**Activity**: Pictures excluded, reproduce exactly the lines below from the one with "Teléfono IP GrandStream" through the one with "EMENTA DE 11 A 14 DE DEZEMBRO", both included.

**Records for this exercise**:
- - - - -

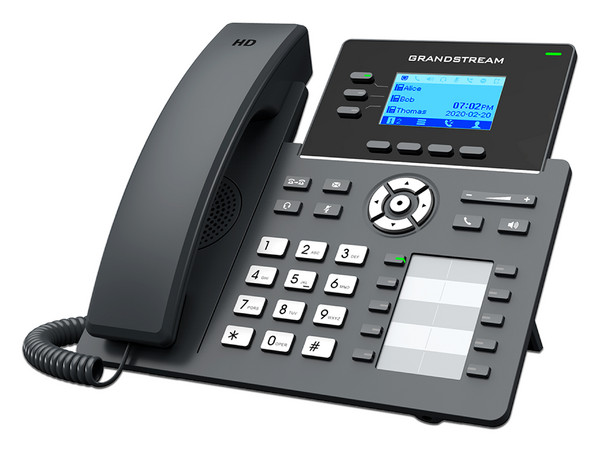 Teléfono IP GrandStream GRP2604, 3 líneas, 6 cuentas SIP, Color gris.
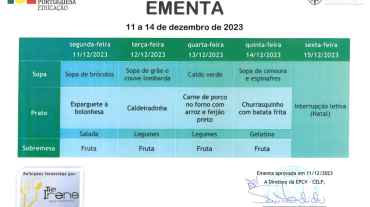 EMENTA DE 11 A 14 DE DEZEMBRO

- - - - -

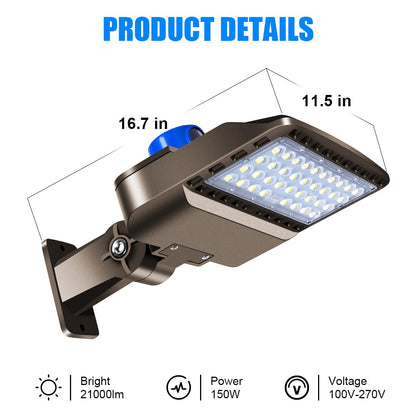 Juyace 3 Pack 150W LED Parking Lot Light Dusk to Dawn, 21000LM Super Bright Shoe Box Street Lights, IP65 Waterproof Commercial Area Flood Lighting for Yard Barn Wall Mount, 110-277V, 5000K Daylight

- - - - -

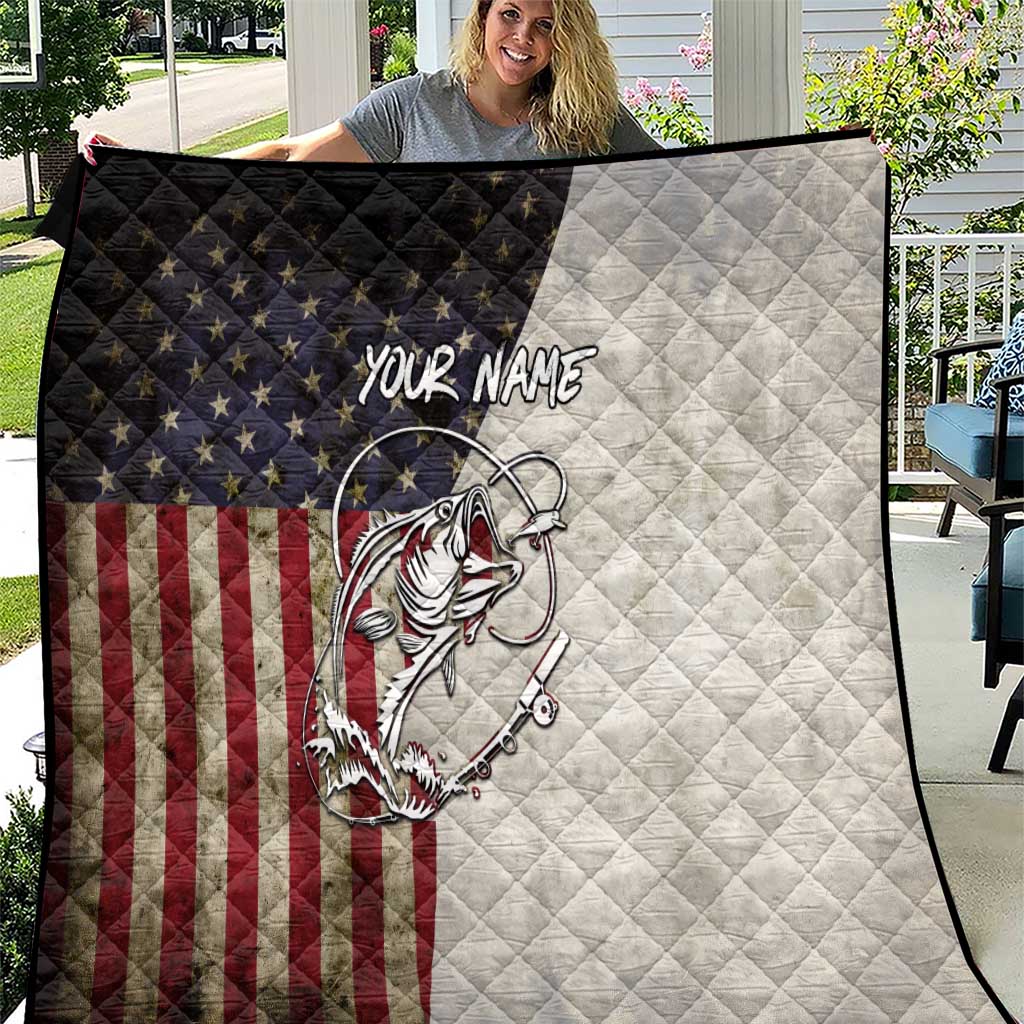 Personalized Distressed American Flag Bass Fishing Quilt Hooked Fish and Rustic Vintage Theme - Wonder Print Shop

- - - - -

**Response to the exercise**:
 Teléfono IP GrandStream GRP2604, 3 líneas, 6 cuentas SIP, Color gris.
 EMENTA DE 11 A 14 DE DEZEMBRO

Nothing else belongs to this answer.